Sooner or later, most businesses get to know a good business law attorney. Hopefully sooner, since building an iron-clad agreement from the start of a relationship almost always prevents expensive and nasty disputes down the road.
Here are just a few kinds of business disputes attorneys help clients settle or, even better, avoid in the first place.
Breach of contract
In a common and simple business contract, one party agrees to deliver a product or service at a specified time and at a specified quality. In exchange, that party gets paid. If one party doesn’t deliver or if the other party doesn’t pay, breach of contract litigation may follow. The goal of a suit is usually to secure an acceptable “remedy” for the breach.
Unintentionally misrepresenting accounts can still be grounds for malpractice lawsuits. But fraud involves intentional deception meant to conceal a misdeed, often embezzlement. In accounting malpractice, misrepresentations usually conceal the real numbers as well as the wrongdoing itself.
To show someone committed accounting fraud against you, you must prove they made claims, and those claims were both false and material (germane). They also had to cause you to rely on them, causing real damage to you.
When a business partner leaves the partnership, voluntarily or not, that person’s share of the business is typically bought by somebody. Ordinarily, the partner(s) remaining in the business want to “buy out” the departing partner.
A buyout agreement, also known as a buy-sell agreement, determine the conditions of leaving, how their share’s value will be determined, who can purchase their shares and so on. It’s better to create a buyout agreement at the beginning of the partnership than at the end.
A strong contract at the start of a landlord-tenant relationship is better than litigating disagreements later. Nonetheless, lawsuits can happen even after you’ve thought ahead.

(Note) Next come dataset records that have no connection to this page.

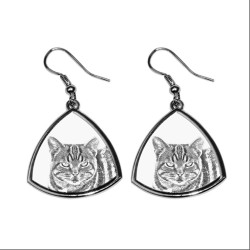 Manx , collection of earrings with images of purebred cats, unique gift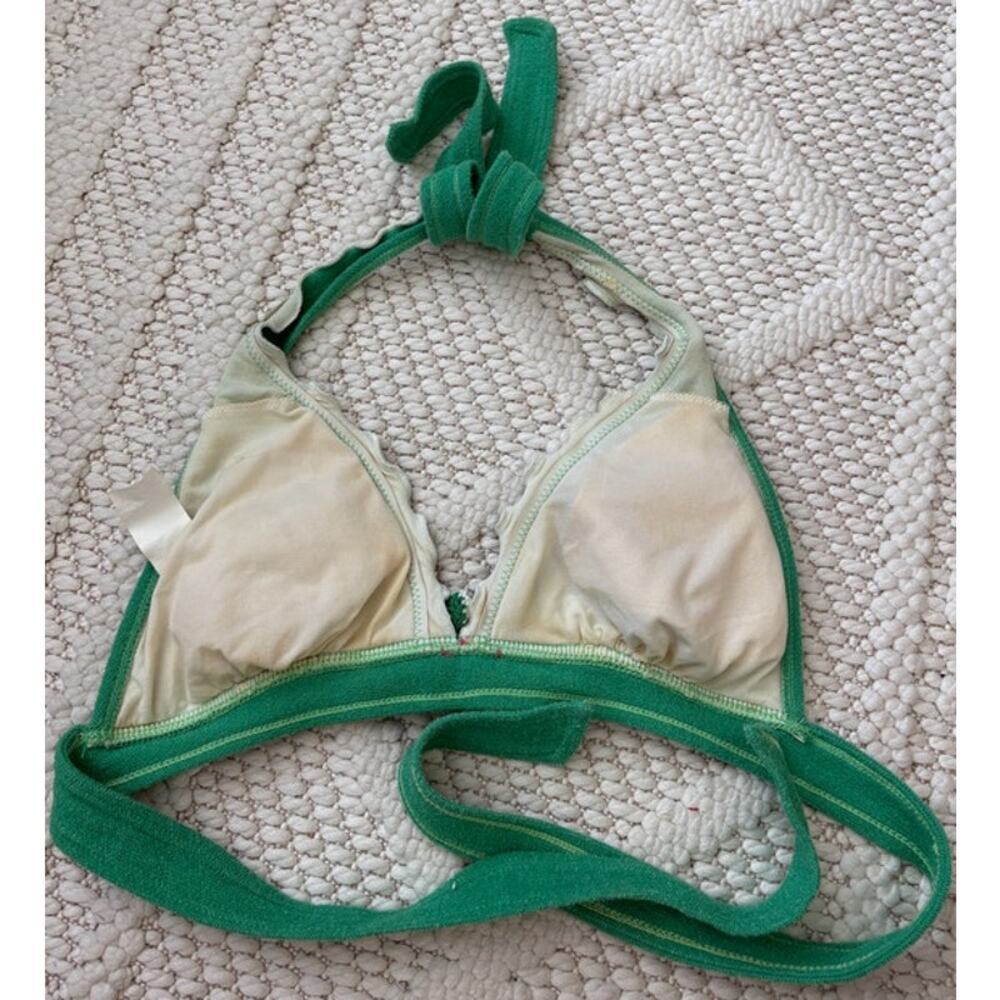 Womens Vintage Y2K Juicy Couture Beach Green Crochet Flower Bikini Top Large - Picture 5 of 5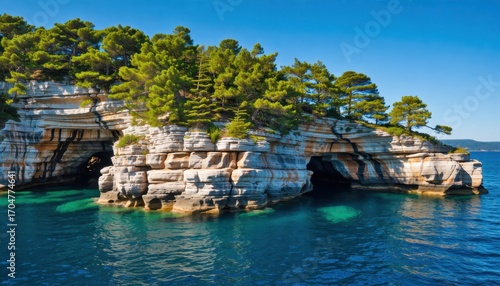 Exploring tranquil natural caves lake area scenic photography serene waters aerial perspective nature's beauty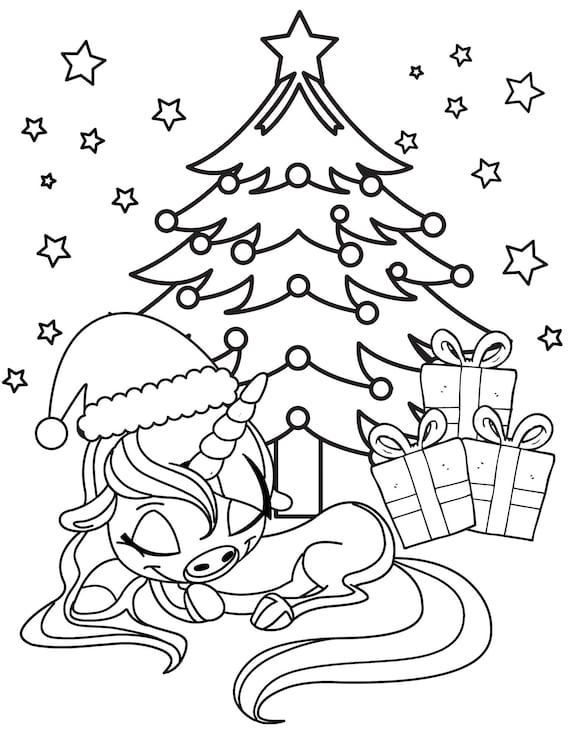 Unicorn Christmas Coloring Pages, PDF ...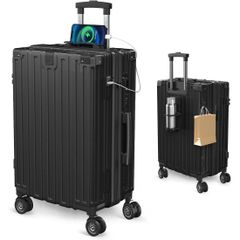 スーツケース 拡張機能付き 多機能 キャリーケース ストッパー付き USBポート付き カップホルダー付き 超軽量 キャリーバッグ 隠しフック付き 耐衝撃 大型 静音 ダブルキャスター TSAローク搭載 ファスナータイプ 旅行 ビジネス 出張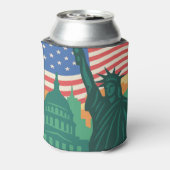 4 juli Onafhankelijkheidsdag Vrijheidsbeeld Blikjeskoeler (Blikje Achterkant)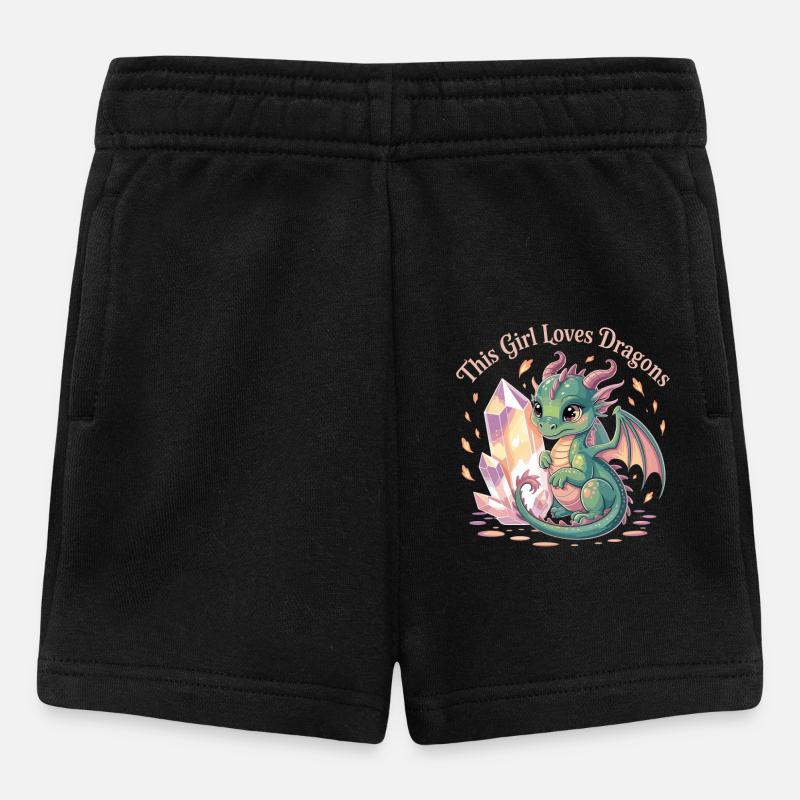 Mädchenliebe zu Drachen mit Kristall - Baby Shorts - Schwarz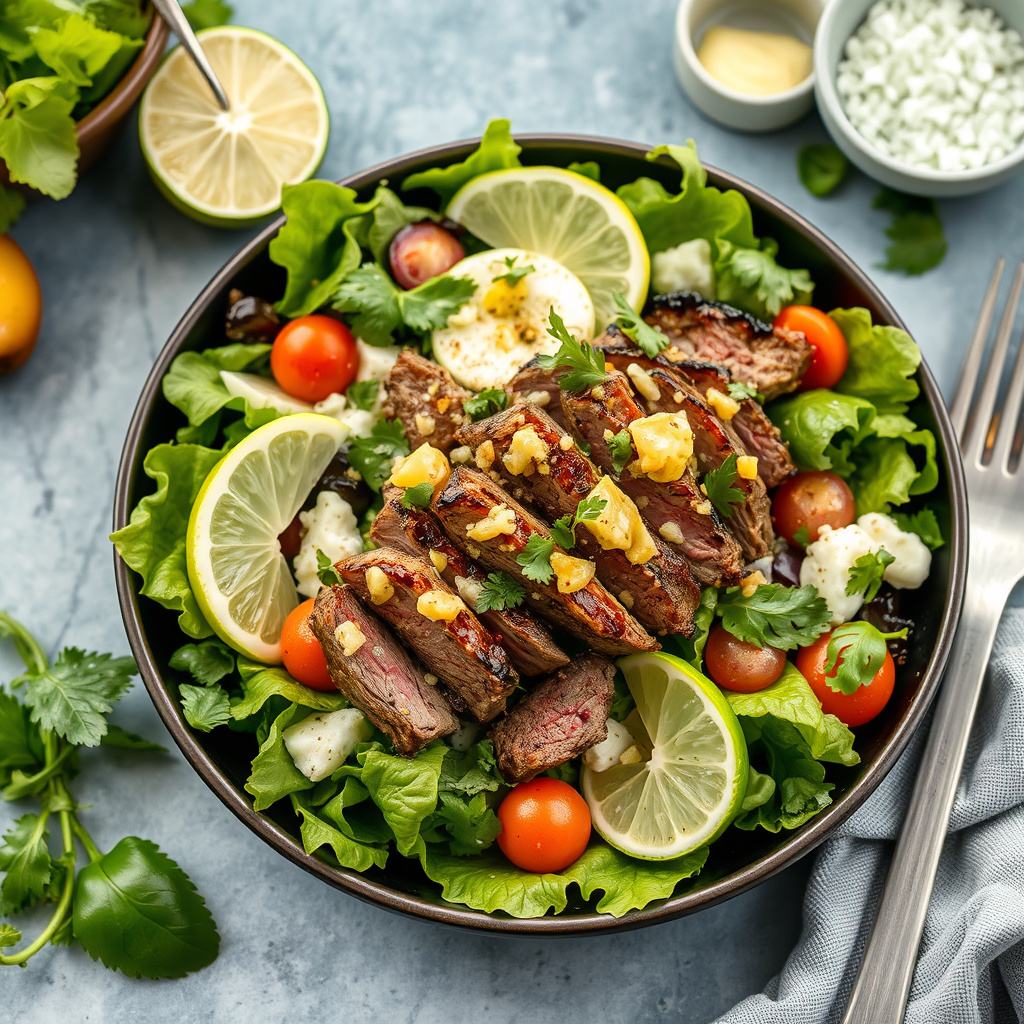 Sommerbiffsalat med ingefær- og limesaus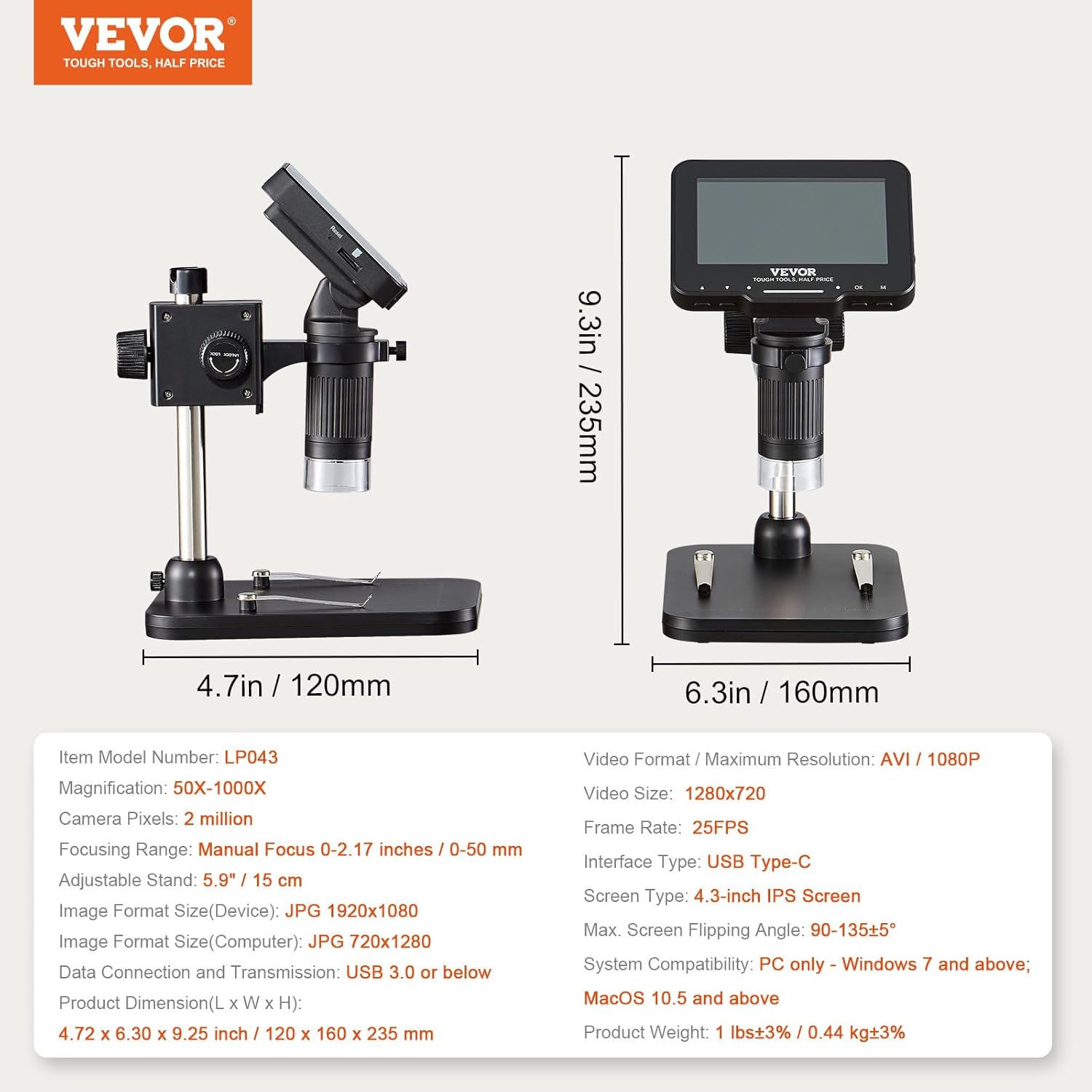 4.3" IPS Screen 50X-1000X Magnification LCD Digital Microscope with 8 LED Lights and 32GB SD Card X9759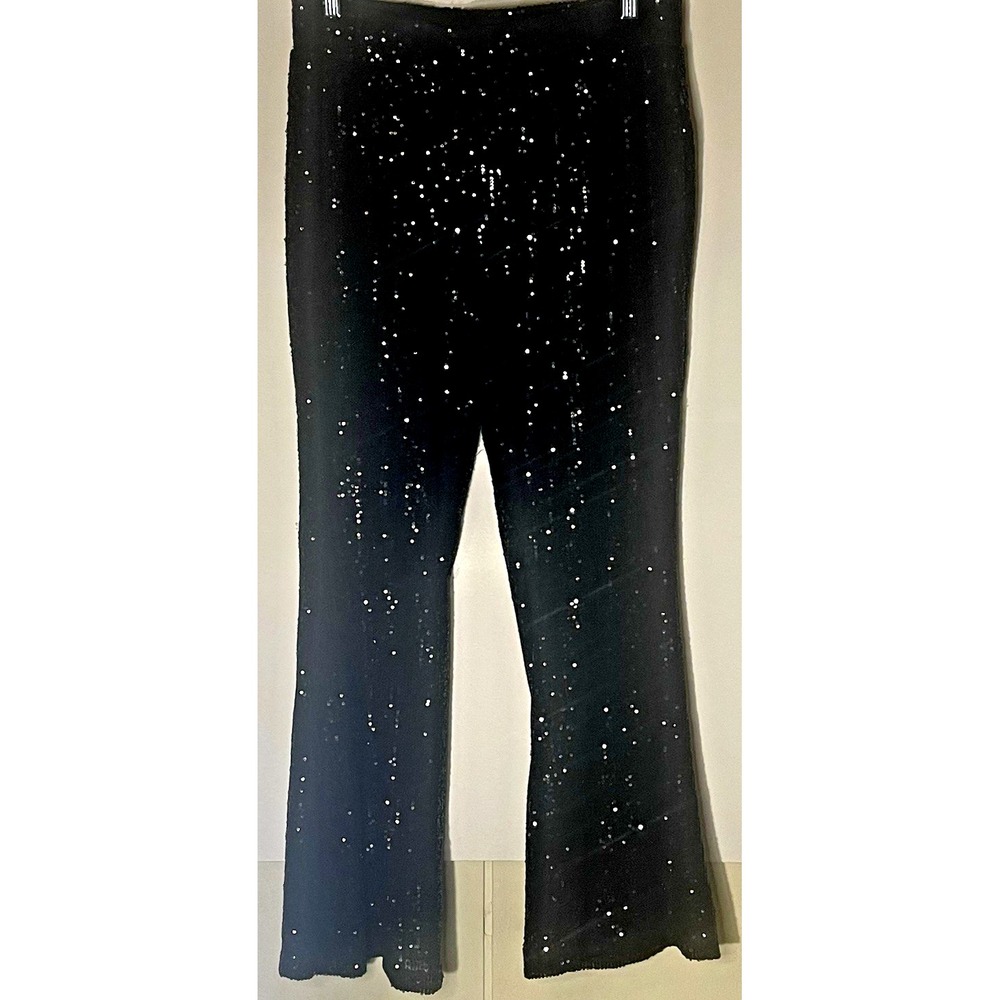 Cato Women's Black Sequin Pants Sz Medium  Petite Stretch Waist‎ Comfortable Fit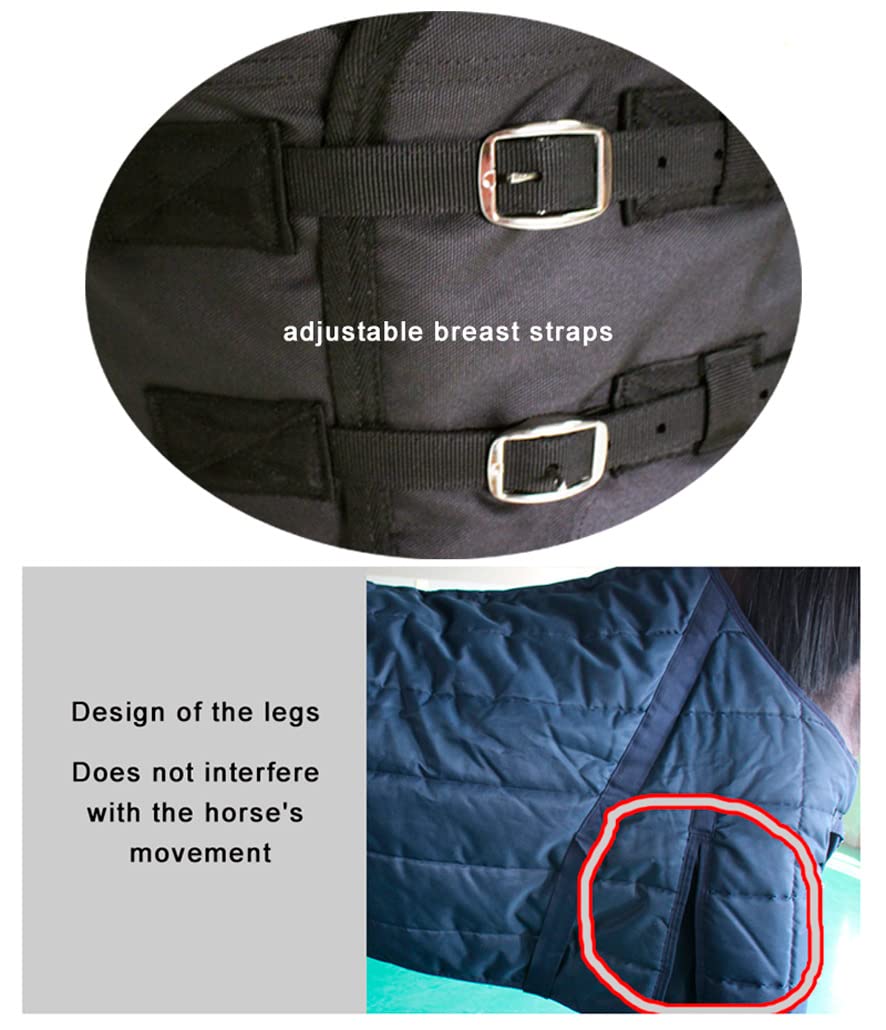 Coperta invernale impermeabile per cavalli, verde scuro, 250 g, per cavalli Shetland, pony, resistente e accogliente, con collo standard, 1200D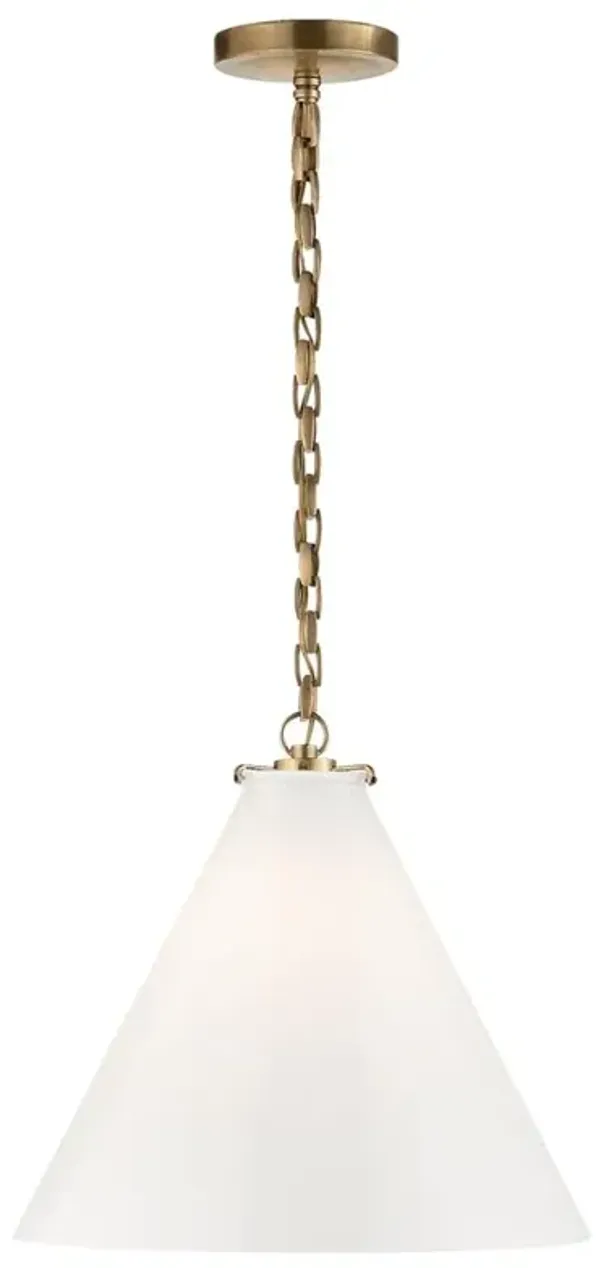 Visual Comfort Katie Conical Modern Antique Brass Framed White Glass Pendant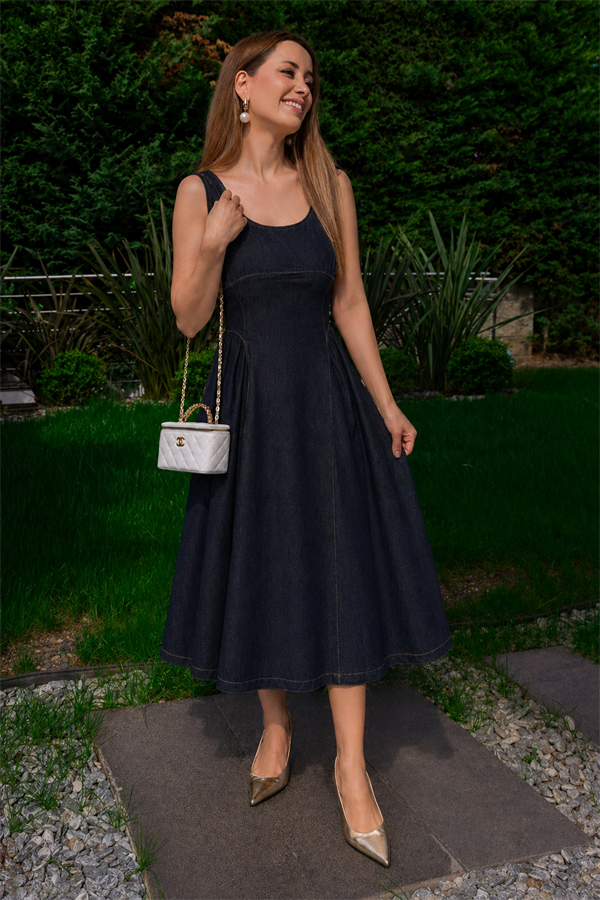 Kalın Askılı Denim Elbise - LACİVERT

For example, the provisions of a lease can always be negotiated or disputed. Rent and rent increases typically reflect market conditions and location and the costs of maintenance, repairs, utilities, taxes and insurance. Either the landlord or tenant can be made responsible for these costs.
Does the tenant have the right to sublet or leave the rental agreement? If another kind of business might be more successful in the space, such arrangements might serve the interests of both tenant and landlord. Likewise, if a significant “build-out,” or change to the property, could make the business more successful, the landlord might agree to the change. Who will pay for it and how?